No Brasil, ainda são limitados os mecanismos jurídicos voltados à sucessão e governança de ativos imateriais. Nesse contexto, instrumentos como holdings ou mesmo trusts com fins culturais e patrimoniais podem ser úteis não apenas para preservar a obra, mas também para garantir a continuidade da exploração econômica de forma ética, eficiente e conforme a vontade da titular.
Convém destacar que a estruturação desses instrumentos exige planejamento detalhado e acompanhamento técnico especializado.
4.A empresa por trás da imagem: sucessão também é governança
Além da carreira artística, Marília Mendonça atuava como empresária, com participação em empresas responsáveis pela gestão de sua imagem e negócios. Em situações como essa, a sucessão patrimonial também se confunde com a continuidade da atividade empresarial.
Muitos artistas confundem a figura da pessoa física com a jurídica, o que pode comprometer a perenidade dos negócios em caso de falecimento. Cláusulas específicas em contratos sociais, acordos de sócios ou instrumentos de governança familiar são fundamentais para assegurar que empresas vinculadas à imagem de uma pessoa consigam sobreviver a ela.
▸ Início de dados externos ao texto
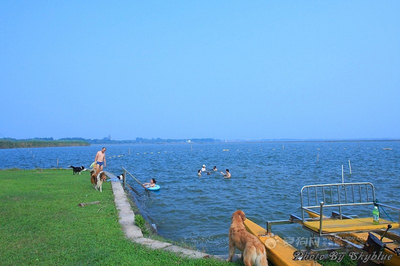 国庆节带狗狗适合去哪玩,国庆节狗狗出去浪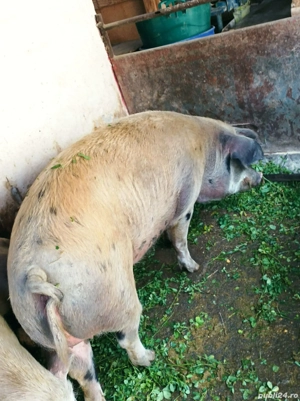 Vând scroafă pentru sacrificat  - imagine 4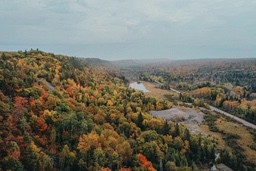 Autumn forest scenery, with layers of trees, yellow and red leaves spread over the hillside, with a winding river in the distance. - free wallpaper image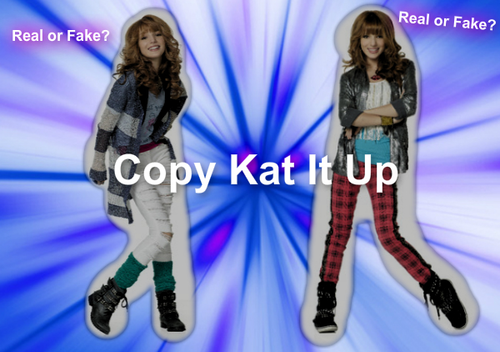  Copy Kat It Up!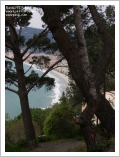 Alassio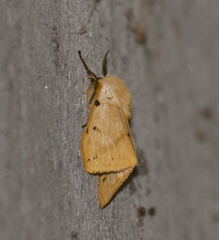 Spilosoma lutea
5.Advocacia preventiva como instrumento de continuidade e proteção
O caso de Marília Mendonça revela uma sucessão marcada por múltiplos desafios: herdeiro incapaz, ausência de planejamento formal, ativos autorais, estrutura empresarial e alta exposição pública. É, ao mesmo tempo, a demonstração da importância do papel pedagógico do advogado de promover a prevenção patrimonial entre seus clientes.
Planejar a sucessão é, em essência, um ato de cuidado e responsabilidade intergeracional. Significa garantir que aquilo que foi construído com esforço, talento e dedicação possa seguir adiante de forma ordenada, preservando o legado e evitando conflitos desnecessários.
A sucessão da artista ainda está em trâmite, mas já se apresenta como um caso paradigmático, com lições que extrapolam o universo das celebridades e se aplicam a qualquer pessoa com patrimônio relevante e preocupação com a continuidade de sua história.
Lições que ficam:
- Proteção jurídica do patrimônio;
- Nomeação de administradores profissionais (trustees);
- Estabelecimento de regras personalizadas para distribuição de rendimentos
- Definição prévia das figuras que deverão garantir o bem-estar e saúde dos herdeiros; e
- Redução da necessidade de autorização judicial para atos de administração ordinária.